- _HOW TO COMPLETE THIS TASK_
Reproduce the closing run of lines below verbatim, from the line that contains "For rent 2 bedrooms" up to and including the final line.

DATA IN THIS EXERCISE START

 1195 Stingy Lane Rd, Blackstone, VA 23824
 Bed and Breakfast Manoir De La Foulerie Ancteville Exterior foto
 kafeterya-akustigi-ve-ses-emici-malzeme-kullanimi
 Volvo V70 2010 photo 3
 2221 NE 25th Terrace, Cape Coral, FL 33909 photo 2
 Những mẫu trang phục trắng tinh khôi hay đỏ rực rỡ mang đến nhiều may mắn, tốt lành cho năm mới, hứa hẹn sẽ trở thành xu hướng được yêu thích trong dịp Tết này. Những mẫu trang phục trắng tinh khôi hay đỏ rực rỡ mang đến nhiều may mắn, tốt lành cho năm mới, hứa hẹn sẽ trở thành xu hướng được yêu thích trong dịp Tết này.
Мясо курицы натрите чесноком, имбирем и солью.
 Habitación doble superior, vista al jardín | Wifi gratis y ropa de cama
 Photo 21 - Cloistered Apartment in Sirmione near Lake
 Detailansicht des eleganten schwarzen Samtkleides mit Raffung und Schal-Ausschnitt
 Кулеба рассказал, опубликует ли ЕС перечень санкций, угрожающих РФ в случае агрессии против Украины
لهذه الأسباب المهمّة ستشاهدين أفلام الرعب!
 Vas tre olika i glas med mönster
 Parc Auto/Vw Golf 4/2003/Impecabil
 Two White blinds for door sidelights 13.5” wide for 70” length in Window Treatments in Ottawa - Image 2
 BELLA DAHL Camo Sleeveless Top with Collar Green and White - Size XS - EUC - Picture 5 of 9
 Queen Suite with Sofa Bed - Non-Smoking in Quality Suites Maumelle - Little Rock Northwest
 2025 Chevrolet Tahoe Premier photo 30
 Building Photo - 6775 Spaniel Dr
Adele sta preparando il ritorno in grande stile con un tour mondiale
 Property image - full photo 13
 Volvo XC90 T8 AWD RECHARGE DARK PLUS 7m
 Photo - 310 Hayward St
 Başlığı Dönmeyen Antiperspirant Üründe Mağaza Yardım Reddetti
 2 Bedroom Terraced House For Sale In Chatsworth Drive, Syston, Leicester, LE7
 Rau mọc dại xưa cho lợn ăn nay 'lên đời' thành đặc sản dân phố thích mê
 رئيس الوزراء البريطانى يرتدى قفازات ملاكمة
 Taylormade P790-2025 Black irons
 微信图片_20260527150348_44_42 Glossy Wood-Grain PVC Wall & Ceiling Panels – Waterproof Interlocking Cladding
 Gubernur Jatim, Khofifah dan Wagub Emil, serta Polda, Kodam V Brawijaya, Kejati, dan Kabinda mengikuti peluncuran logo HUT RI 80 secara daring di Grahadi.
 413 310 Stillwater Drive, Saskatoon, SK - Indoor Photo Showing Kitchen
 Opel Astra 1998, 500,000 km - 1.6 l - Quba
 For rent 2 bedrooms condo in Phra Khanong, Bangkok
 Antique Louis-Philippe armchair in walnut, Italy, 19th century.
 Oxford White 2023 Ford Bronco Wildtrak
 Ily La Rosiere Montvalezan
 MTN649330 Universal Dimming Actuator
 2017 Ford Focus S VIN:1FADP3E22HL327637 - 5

DATA IN THIS EXERCISE END

- _SOLUTION BELOW_
 For rent 2 bedrooms condo in Phra Khanong, Bangkok
 Antique Louis-Philippe armchair in walnut, Italy, 19th century.
 Oxford White 2023 Ford Bronco Wildtrak
 Ily La Rosiere Montvalezan
 MTN649330 Universal Dimming Actuator
 2017 Ford Focus S VIN:1FADP3E22HL327637 - 5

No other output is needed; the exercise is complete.